Sur la table autour de John Fru Ndi, le chairman du Sdf, et de Adamou Ndam Njoya, président national de l'Udc, on pouvait apercevoir Marcel Yondo, président national du Mldc, Antar Gassagay de l'Upr, Aron Mukuri Maka du Mdp, autres signataires de la plate forme. Mais à cette même table, on remarquait la présence du député Sdf Pierre Kwemo, et de Issa Tchiroma. Ce dernier a d'ailleurs fait l'objet de multiples interrogations de la part du public. Lors de la présentation des personnalités, il a simplement été désigné comme ancien ministre, sans aucune mention à sa formation politique, comme ce fut le cas pour ses voisins de table.
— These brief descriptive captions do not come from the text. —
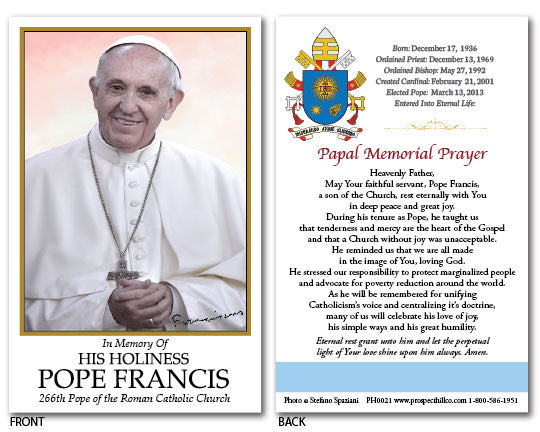 Pope Francis Memorial Cards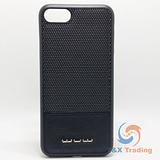 Apple iPhone 7 / 8 - WUW Black Cloth Texture Leather Coated Hard Case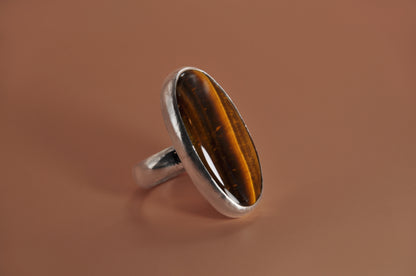 Tiger Eye Oval Ring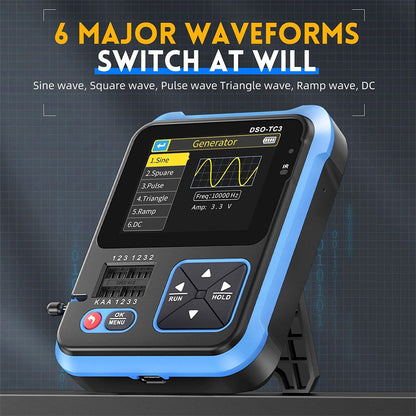 FNIRSI DSO-TC3 3 in 1 Digital Oscilloscope with P6100 High Voltage Probe, DDS Signal Generator, Transistor Tester, 1 Channel, 500Khz Bandwidth, 10MSa/s Sampling Rate, 6 Types of Waveforms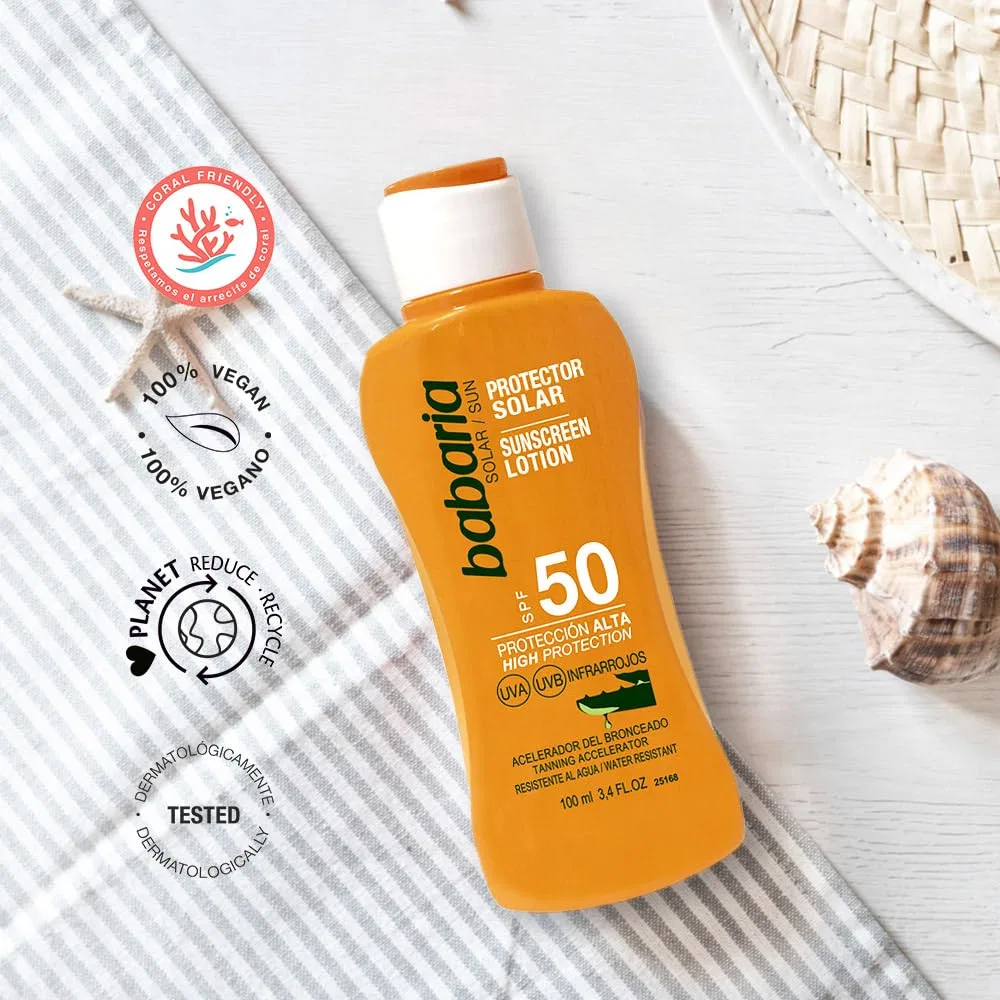 Солнцезащитное молочко SPF50+ Babaria с алоэ вера, 100 мл — фото 4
L'intéressé, face aux questions répétées de la presse, a tout de même tenu à préciser qu'il restait membre de l'Union nationale pour la démocratie et le progrès (Undp) : "Je reste militant de mon parti, mais partout où s'écrit une ligne de l'histoire de mon pays, je me fais un devoir d'y être", a-t-il déclaré. S'agissant de la cérémonie elle même, elle a consisté avant la signature de la plate forme, à une présentation sommaire du document. John Fru Ndi en anglais, et Adamou Ndam Njoya en français ont lu le préambule, et commenté les grandes lignes de ce document de 43 pages, qui fait un certain nombre de propositions sur les différents secteurs de la vie nationale. Ce document évoque notamment un ensemble de reformes sur les plans politique, économique et social, tout en évoquant les possibilités de changer le Cameroun, d'en faire "un pays de vainqueurs" comme l'a souligné Issa Tchiroma dans la prière d'ouverture.

Candidat unique

Un point du document ainsi présenté, a particulièrement attiré l'attention du public présent. Il s'agissait de la volonté réaffirmée par les leaders politiques présents d'aller à la prochaine élection présidentielle en rang unique. Et une question a certainement effleuré plus d'un esprit. Qui sera le candidat chargé de porter la voix de ces différentes formations politiques? On s'est surpris à scruter les visages, à étudier les attitudes, en se posant la question de savoir si cet homme tant attendu pouvait se trouver là, autour de la table. Et la question qui brûlait tant les lèvres, a bien sûr été posée. Pour la réponse, il faudra attendre. Pour combien de temps encore? John Fru Ndi a déclaré que le premier candidat, c'étaient les idées contenues dans le plan d'action, et que penser à un homme maintenant, ce serait mettre la charrue avant les boeufs.

Liens Pertinents

Une idée appuyée par Marcel Yondo, qui a précisé qu'il fallait d'abord préparer les reformes, et non préparer un siège pour s'installer. "La pensée précède l'action. Une union fraternelle s'impose aux partis qui veulent aider leurs compatriotes à se relever. Pour l'élection présidentielle de 2004, plusieurs partis politiques l'ont compris. Le moment venu, nous investirons le candidat de la majorité de l'opposition." D'après le programme d'action, on sait d'ores et déjà que le candidat unique ne sera pas nécessairement le président d'un parti politique, mais il devra faire parti de l'Union des forces progressistes (Ufp), la coalition qui est entrain de se mettre sur pied. D'autres leaders, à l'instar de Sanda Oumarou, n'ont pas pu être présents, mais, ont tenu tout de même à faire savoir qu'ils restaient de tout coeur avec le mouvement.